Program launcher with memory, cpu, and path limits
I wanted a way to run a program with memory and CPU limits. It turns out
that systemd-run does exactly this, and it doesn't require root, but
the necessary parameters are many and confusing. So playpen wraps all that
up in a simple CLI which is set up for the typical use cases I have.
$ playpen -h
Usage: playpen [OPTIONS] [COMMAND_AND_ARGS]...
Arguments:
[COMMAND_AND_ARGS]...
Options:
-m, --memory-limit <MEMORY_LIMIT>
-c, --cpu-limit <CPU_LIMIT>
-q, --quiet
--capture-env <CAPTURE_ENV>
[default: false] [possible values: true, false]

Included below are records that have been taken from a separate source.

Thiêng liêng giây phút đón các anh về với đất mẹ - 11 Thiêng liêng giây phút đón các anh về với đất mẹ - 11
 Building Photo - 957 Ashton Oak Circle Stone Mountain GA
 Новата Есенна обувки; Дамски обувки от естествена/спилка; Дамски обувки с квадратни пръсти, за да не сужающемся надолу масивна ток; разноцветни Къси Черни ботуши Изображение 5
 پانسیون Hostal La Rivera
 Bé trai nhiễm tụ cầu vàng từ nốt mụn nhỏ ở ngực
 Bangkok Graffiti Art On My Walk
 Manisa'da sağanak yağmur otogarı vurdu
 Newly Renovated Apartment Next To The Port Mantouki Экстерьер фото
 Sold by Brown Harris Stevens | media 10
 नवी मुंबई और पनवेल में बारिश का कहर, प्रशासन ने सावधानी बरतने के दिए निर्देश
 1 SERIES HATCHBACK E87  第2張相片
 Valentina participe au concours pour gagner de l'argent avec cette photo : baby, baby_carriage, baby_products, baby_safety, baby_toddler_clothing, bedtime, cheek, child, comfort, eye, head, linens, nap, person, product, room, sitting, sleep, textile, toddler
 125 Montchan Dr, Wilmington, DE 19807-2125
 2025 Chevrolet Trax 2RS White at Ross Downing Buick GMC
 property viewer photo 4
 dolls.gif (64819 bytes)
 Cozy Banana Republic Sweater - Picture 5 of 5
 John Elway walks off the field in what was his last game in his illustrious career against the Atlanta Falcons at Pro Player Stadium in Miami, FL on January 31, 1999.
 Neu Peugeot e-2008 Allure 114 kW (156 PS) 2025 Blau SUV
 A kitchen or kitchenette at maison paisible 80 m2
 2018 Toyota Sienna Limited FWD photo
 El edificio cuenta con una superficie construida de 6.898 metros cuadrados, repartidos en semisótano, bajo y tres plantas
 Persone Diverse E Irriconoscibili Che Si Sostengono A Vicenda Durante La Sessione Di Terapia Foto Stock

--capture-path <CAPTURE_PATH>
[default: true] [possible values: true, false]
--rw <RW_PATHS>
Add read-write path access (can be repeated)
--ro <RO_PATHS>
Add read-only path access (can be repeated)
--inaccessible <INACCESSIBLE>
Make path completely inaccessible (can be repeated)
--private-tmp <PRIVATE_TMP>
Use private /tmp [default: true] [possible values: true, false]
--private-devices <PRIVATE_DEVICES>
Use private /dev [default: true] [possible values: true, false]
--protect-kernel-tunables <PROTECT_KERNEL_TUNABLES>
Protect kernel tunables [default: true] [possible values: true, false]
--protect-control-groups <PROTECT_CONTROL_GROUPS>
Protect control groups [default: true] [possible values: true, false]
--protect-home <PROTECT_HOME>
Protect home directories: none/yes/read-only/tmpfs [default: none]
--protect-system <PROTECT_SYSTEM>
Protect system directories: none/yes/full/strict [default: none]
--current-dir-only <CURRENT_DIR_ONLY>
Restrictive preset: only current directory accessible [default: false] [possible values: true, false]
-h, --help
Print help
-V, --version
Print version
This interactive python session is killed by the OOM killer because it exceeds the 50 MB memory limit given:
$ playpen -m 50M python3
Running as unit: run-u544.service; invocation ID: 0bf06fd9a32b4e619993845b58066edd
Press ^] three times within 1s to disconnect TTY.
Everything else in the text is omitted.